Pero un lenguaje personal no tiene límites técnicos, por lo menos no hasta el punto de producir el silencio. Para muchos el video se convirtió en el medio al alcance, en el instrumento más adecuado para contar historias para hablar de realidades. Mientras tanto otros siguieron apostando a la carta del cine, invirtiendo en él enormes esfuerzos y los propios recursos económicos, buscando posibilidades de producción por fuera de los estrechos esquemas audiovisuales nacionales. Y repasando esta serie de esfuerzos es particularmente notorio que lo que permanece, lo que continúa teniendo validez es aquello cuya perspectiva es “regional”, es decir, está claramente enquistada en un ambiente, en un modo de entender la vida que nunca es colombiano a secas sino, antioqueño valluno, costeño y, por supuesto, bogotano.

La mirada de estos creadores tiene una importante componente de evocación, de búsqueda del tiempo perdido, una dimensión de memoria que tiene que ver, ante todo, con la infancia y con un entorno cultural. El ruso Andréi Tarkovski dijo alguna vez que la cultura era, en buena parte, intraducible. Esa intraducibilidad hace que las capas más profundas de ciertas obras no sean accesibles sino a aquellos que han nacido y se han educado en un determinado contexto cultural y antropológico. La literatura de Tomás Carrasquilla o del Tuerto López tiene esta característica, fascinante y problemática y, en buena parte, la tiene también el cine de Víctor Gaviria o el de Pacho Bottía. Hay tantas formas bastardas de representar una cultura regional, que resulta tremendamente delicado expresarla legítimamente.

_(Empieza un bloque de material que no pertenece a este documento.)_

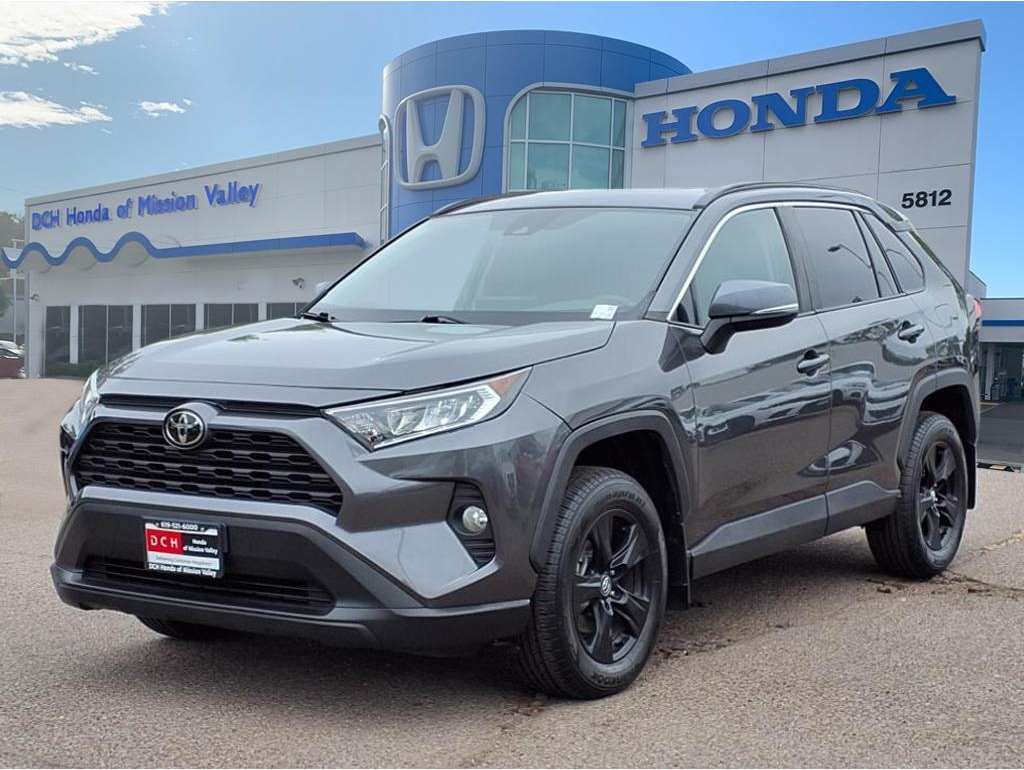 2021 Toyota RAV4 XLE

Folclorismo, costumbrismo, turismo e incluso un antropologismo frío y catalogador han contribuido al desprestigio estético de una manera de ser, de un lenguaje y unas formas de comportamiento, de unas tradiciones amasadas con múltiples elementos de origen.

Los intentos de nuestra televisión nacional por regionalizar sus historias son mascaradas superficiales, penosas, los burdos esfuerzos de repartos de actores recogidos en todo el país por imitar los acentos de la costa atlántica o pacífica, Antioquia o el Viejo Caldas, el trabajo de ambientadores con entrenamiento de tienda de anticuario para darles sabor a nuestras telenovelas turísticas son más bien un paso atrás que hacia adelante. Era mucho más legítima una televisión que transmitía imperialmente para todo el resto del país mundos cundiboyacenses como los de Yo y tú o Don Chinche que una que muestra a los mismos directores o actores en el trabajo inútil de darle un color local completamente inverosímil al Café o a la Candela.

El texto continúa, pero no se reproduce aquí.